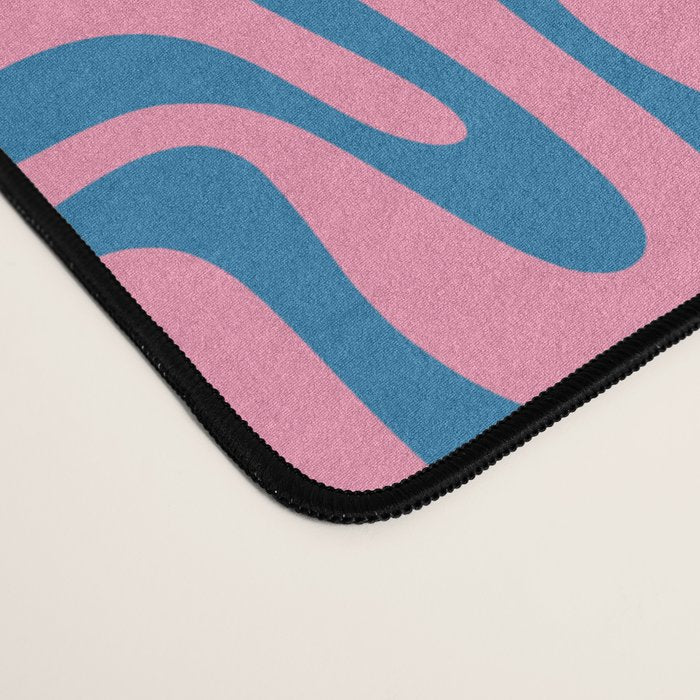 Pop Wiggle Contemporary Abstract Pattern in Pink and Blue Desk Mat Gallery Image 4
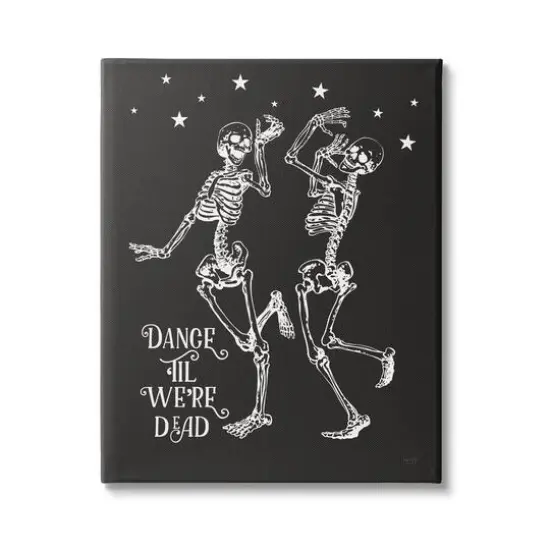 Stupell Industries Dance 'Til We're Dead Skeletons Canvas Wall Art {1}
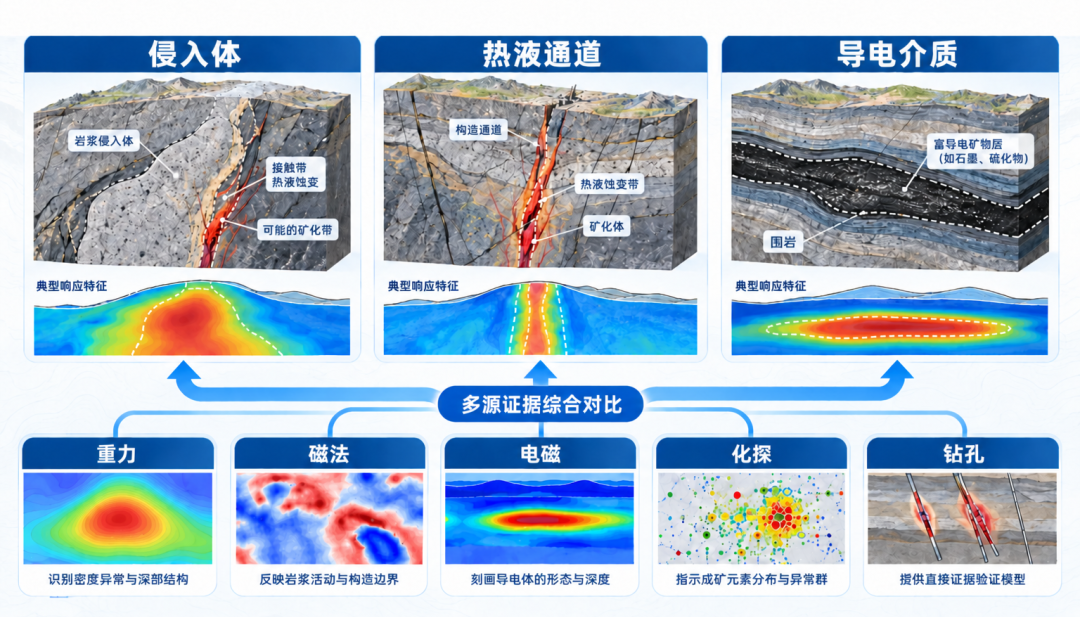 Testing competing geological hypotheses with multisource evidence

> WHAT IS NEEDED:
Print every line of the material above exactly as it reads, skipping the pictures.

> SOLUTION TO THE PROBLEM:
 Pop Wiggle Contemporary Abstract Pattern in Pink and Blue Desk Mat Gallery Image 4
 Stupell Industries Dance 'Til We're Dead Skeletons Canvas Wall Art {1}
 Testing competing geological hypotheses with multisource evidence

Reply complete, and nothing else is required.